▶ [Problem description]:
In the records below, the line containing "DAF F2800 /" is the first to keep. Retype it and all later lines exactly, through the end.
*** Opening of Records for this exercise ***
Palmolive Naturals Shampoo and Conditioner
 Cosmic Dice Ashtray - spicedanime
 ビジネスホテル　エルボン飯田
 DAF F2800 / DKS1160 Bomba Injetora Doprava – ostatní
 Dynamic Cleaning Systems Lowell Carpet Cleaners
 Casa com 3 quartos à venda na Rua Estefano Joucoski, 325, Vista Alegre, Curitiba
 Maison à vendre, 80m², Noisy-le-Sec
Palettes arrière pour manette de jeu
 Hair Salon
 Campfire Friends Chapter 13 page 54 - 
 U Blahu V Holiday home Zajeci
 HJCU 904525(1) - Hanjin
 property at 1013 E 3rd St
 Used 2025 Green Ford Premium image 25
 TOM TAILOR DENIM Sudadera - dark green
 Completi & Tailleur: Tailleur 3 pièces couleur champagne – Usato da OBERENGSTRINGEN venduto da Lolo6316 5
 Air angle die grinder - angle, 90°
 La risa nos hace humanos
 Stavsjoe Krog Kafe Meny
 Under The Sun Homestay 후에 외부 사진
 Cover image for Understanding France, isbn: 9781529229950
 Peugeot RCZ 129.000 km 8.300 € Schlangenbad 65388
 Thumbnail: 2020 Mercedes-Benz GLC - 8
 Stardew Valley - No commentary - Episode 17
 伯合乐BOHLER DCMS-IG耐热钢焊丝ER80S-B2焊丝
*** Close of Records for this exercise ***
▶ [Result for this task]:
 DAF F2800 / DKS1160 Bomba Injetora Doprava – ostatní
 Dynamic Cleaning Systems Lowell Carpet Cleaners
 Casa com 3 quartos à venda na Rua Estefano Joucoski, 325, Vista Alegre, Curitiba
 Maison à vendre, 80m², Noisy-le-Sec
Palettes arrière pour manette de jeu
 Hair Salon
 Campfire Friends Chapter 13 page 54 - 
 U Blahu V Holiday home Zajeci
 HJCU 904525(1) - Hanjin
 property at 1013 E 3rd St
 Used 2025 Green Ford Premium image 25
 TOM TAILOR DENIM Sudadera - dark green
 Completi & Tailleur: Tailleur 3 pièces couleur champagne – Usato da OBERENGSTRINGEN venduto da Lolo6316 5
 Air angle die grinder - angle, 90°
 La risa nos hace humanos
 Stavsjoe Krog Kafe Meny
 Under The Sun Homestay 후에 외부 사진
 Cover image for Understanding France, isbn: 9781529229950
 Peugeot RCZ 129.000 km 8.300 € Schlangenbad 65388
 Thumbnail: 2020 Mercedes-Benz GLC - 8
 Stardew Valley - No commentary - Episode 17
 伯合乐BOHLER DCMS-IG耐热钢焊丝ER80S-B2焊丝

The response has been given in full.